God Is Free and Man is Free, But…

Reformed theology indeed insists that a real measure of freedom has been assigned to man by the Creator.  But that freedom is not absolute and man is not autonomous.  Our freedom is always and everywhere limited by God’s sovereignty.  God is free and we are free.  But God is more free than we are.

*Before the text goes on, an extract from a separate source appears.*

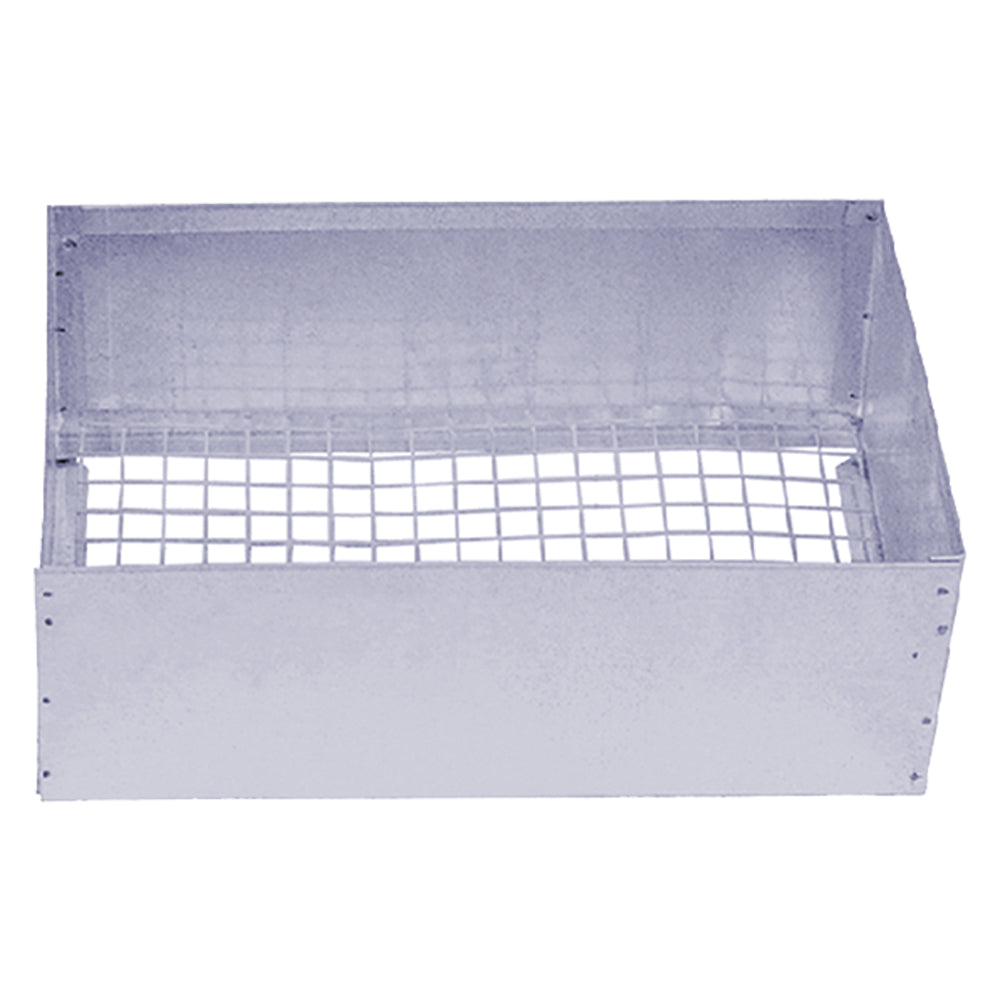 NIDO APERTO PER CONIGLI cm 38 x 24 x 15- 4 pezzi  - MG GABBIE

Sproul, R.C.; Grace Unknown: The Heart of Reformed Theology; Baker Books; Grand Rapids, MI; copyright 1997; p. 32

We Cannot Pursue Holiness Without Going Back Again and Again

The truth is, of course, we all do get “hurt” to some degree daily because we all sin every day.  That is why we need to come back to the gospel of God’s grace in Christ.  The gospel of God’s forgiveness of our sins through Christ’s death frees us to face those sins honestly and bring them to the Cross and Jesus’ cleansing blood.  The freedom and joy that then comes from a cleansed conscience creates the desire and gives us the right motive to deal with those sins.  We cannot effectively pursue holiness without going back again and again to the gospel  The gospel is the only foundation upon which we can build the disciplines necessary to pursue holiness. Grace and discipline cannot be separated.

– Bridges, Jerry; The Disciplined of Grace:God’s Role and Our Role in the Pursuit of Holiness; NavPress; Colorado Springs; copyright 1994; p. 216

This is Real Freedom

The difference between living for God and living for anything else is that when we live for anything else we do so to gain acceptance, but when we live for God we do so because we are already accepted.  Real freedom (the freedom that only the gospel grants) is living for something because we already have favor instead of living for something in order to gain favor.

– Tchividjian, Tullian; Surprised by Grace: God’s Relentless Pursuit of Rebels; Crossway Books; Wheaton, Il; copyright 2010; p. 156

You Are Likely Trying to be Your Own Savior

Submitting self to God is the only real freedom – because the deepest slavery is self-dependence, self-reliance.  When you live your life believing that everything (family, finances, relationships, career) depends primarily on you, you’re enslaved to your strengths and weaknesses.  You’re trying to be your own savior.  Freedom comes when we start trusting in God’s ability and wisdom instead of our own.  Real life begins when we transfer our trust from our own efforts to the efforts of Christ.

– Tchividjian, Tullian; Surprised by Grace: God’s Relentless Pursuit of Rebels; Crossway Books; Wheaton, Il; copyright 2010; p. 53

A Better Understanding of Jonah

We’re on the right road to better understanding it when we realize that Jonah is a storied presentation of the gospel, a story of sin and grace, of desperation and deliverance.  I reveals the fact that while you and I are great sinners, God is a great Savior, and that while our sin reaches far, His grace reaches farther.  This story shows that God is in the business of relentlessly pursuing rebels like us and that he comes after us not to angrily strip away our freedom but to affectionately strip away our slavery so might become truly free.

– Tchividjian, Tullian; Surprised by Grace: God’s Relentless Pursuit of Rebels; Crossway Books; Wheaton, Il; copyright 2010; p. 18-19

If We Remain Insensitive, We Cannot Claim the Mind of Christ

We cannot claim to have the mind of Christ and remain insensitive to the oppression of our brothers and sisters.  We cannot stay oblivious to the world’s struggle for redemption, freedom and peace.  We know that the good done to the poor – the least of our brothers and sisters (Matthew 25:40) – is done to Jesus himself.  We know that we must commit ourselves to concrete action on behalf of liberation.  There are things to be done.